Exercise brief.
Repeat the listing exactly. Any picture in it should be left out of the copy.

Given material.
>>>

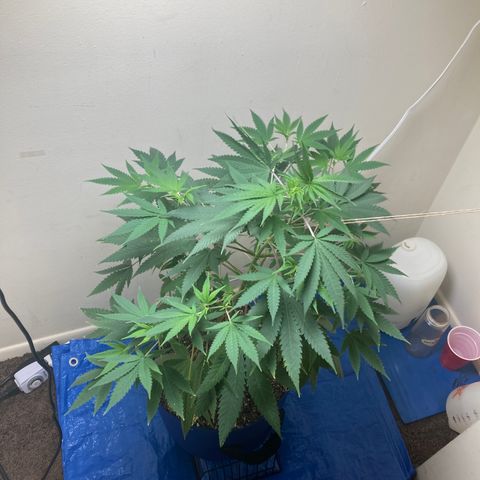 Biscotti growlog timeline photo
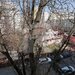 Aleea Moinesti, Sector 6, apartament 3 camere de inchiriat.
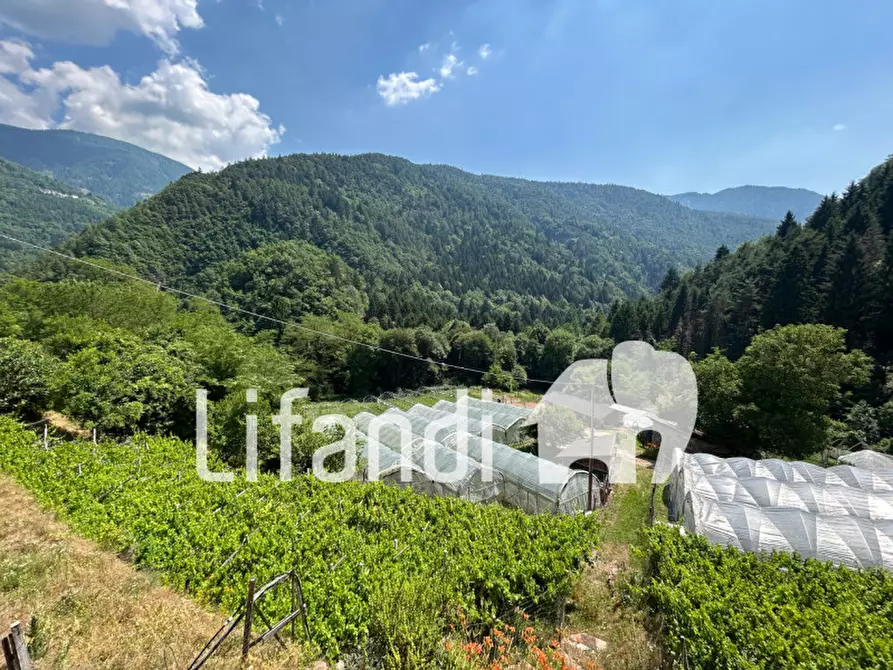 Immagine 7 di Appartamento in vendita  in Grumes viale del molino a Altavalle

<<<

Solution below.
 Biscotti growlog timeline photo
 Aleea Moinesti, Sector 6, apartament 3 camere de inchiriat.
 Immagine 7 di Appartamento in vendita  in Grumes viale del molino a Altavalle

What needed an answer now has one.